Art that’s Alive

By Hailey Stangebye

Angela Warf’s garden bursts with life each season. Our art director will bring our office ripe tomatoes, tomatillos, kale, cucumbers — even homemade pickles. She knows that, with the right environment, time and care, she can make something beautiful grow.

That applies to more than her garden.

Angela has the unique capacity to take the seed for a design or an image or a video, and coax that idea into reality.

“My grandpa owned an apple orchard and a grape vineyard,” Angela says. “It’s definitely in my genes to want to grow things, which is, I think, why I love it so much.”

“My grandpa owned an apple orchard and a grape vineyard. It’s definitely in my genes to want to grow things, which is, I think, why I love it so much.”

She also has creativity in her genes. Her grandmother is an oil painter, and she noticed that Angela took a keen interest in the arts, even at a young age. Every Saturday morning, she would sit with Angela and host informal art lessons.  

“And I always fought back,” Angela laughs. “I wanted to do very graphic art, and she always created this beautiful, flowy, kind of fine art. But I’m glad that she had those classes with me because, now, I have a mix of styles that I can implement into my graphic design.”

Angela has created art throughout her life, but she never thought of pursuing an artistic field for her career until senior year of high school in Sugar Grove, Ohio.
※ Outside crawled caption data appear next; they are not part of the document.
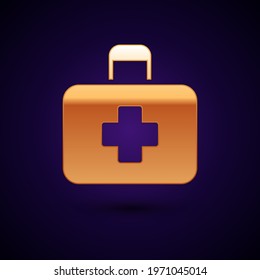Gold First aid kit icon isolated on black background. Medical box with cross. Medical equipment for emergency. Healthcare concept.  Vector Illustration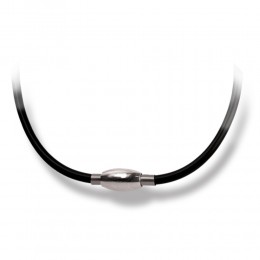 Steel necklace with rubber and pendant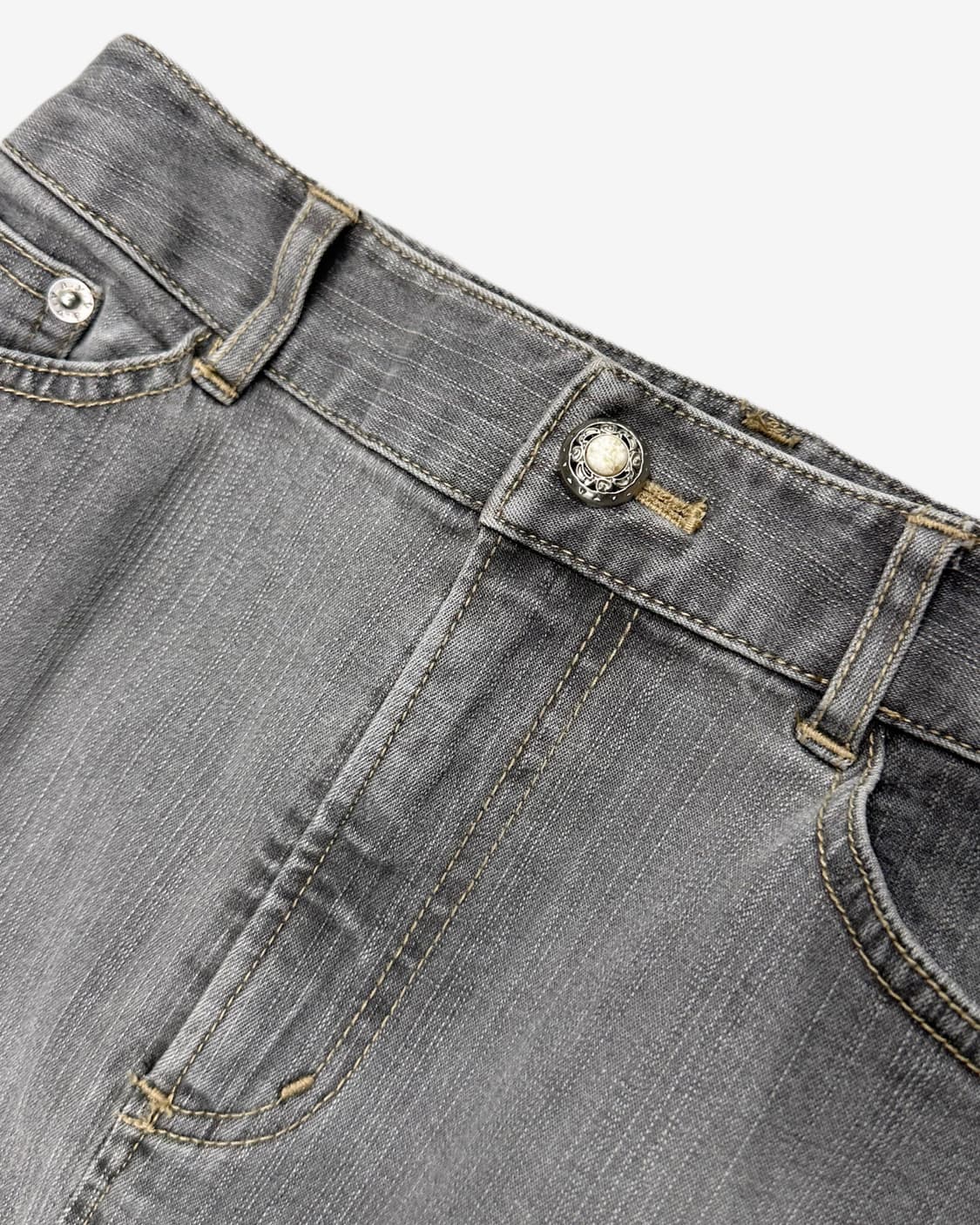 gem button grey denim skirt 상품이미지2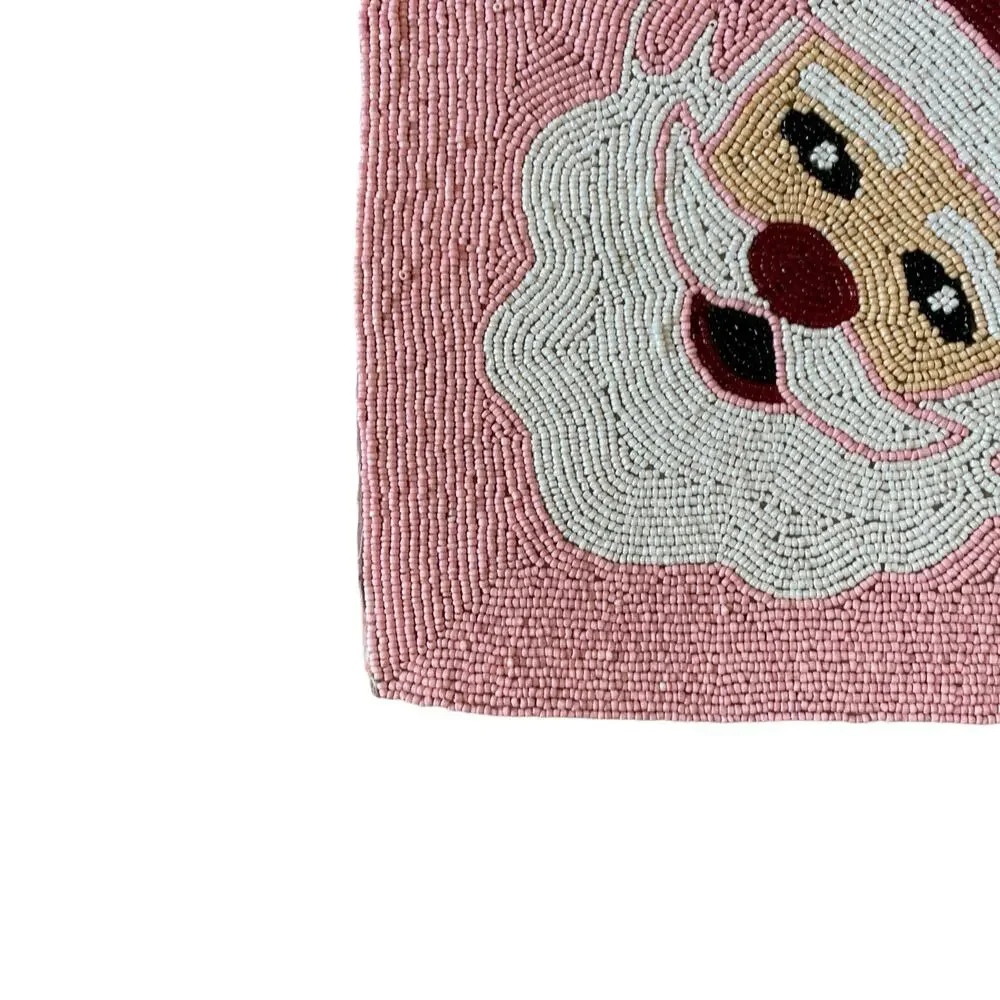 Tiramisu Pinkmas Santa Beaded Placemat 16x12 Christmas Holiday NEW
In a school district where arts budgets ran thin — like watered-down Elmer’s glue — one teacher started an initiative that changed the course of Angela’s life.

“Mrs. Mary Goss. She was actually the librarian, but she had a really good eye for art, and she made woven blankets from alpaca wool,” Angela says. “I think that she saw a need for digital art classes. So, my senior year, she created a tech art class where she taught photoshop. She might not have even known how to use it herself, but she helped us figure it out because she knew it was important for people like me who had this skill, but needed a way to implement it into the real world.”

“I think that she saw a need for digital art classes. So, my senior year, she created a tech art class where she taught photoshop. She might not have even known how to use it herself, but she helped us figure it out because she knew it was important for people like me who had this skill, but needed a way to implement it into the real world.”

Mrs. Goss ultimately convinced Angela to use her work from that tech art class to apply to CCAD. Prior to that, Angela says that no one had told her she could make a career out of art.

Since that day, Angela has completed her CCAD degree in graphic design with minors in art history and copywriting. She’s made a career and a name for herself doing what she loves most: creating.

“I think if I was doing anything else, I wouldn’t be happy,” Angela says. “They say, ‘Do what you love and you’ll never work a day in your life.’ I think that’s absolutely true, especially for creative people. I wouldn’t want to work a job doing sales or something, and then do art on the side. That wouldn’t be me fulfilling my dream and my purpose, which is to make things look better than they do now.”

Angela brings life to all of the creative we produce, just like she brings life to all of the veggies in her garden. And, like a bountiful harvest, she makes art that you’ll want to share.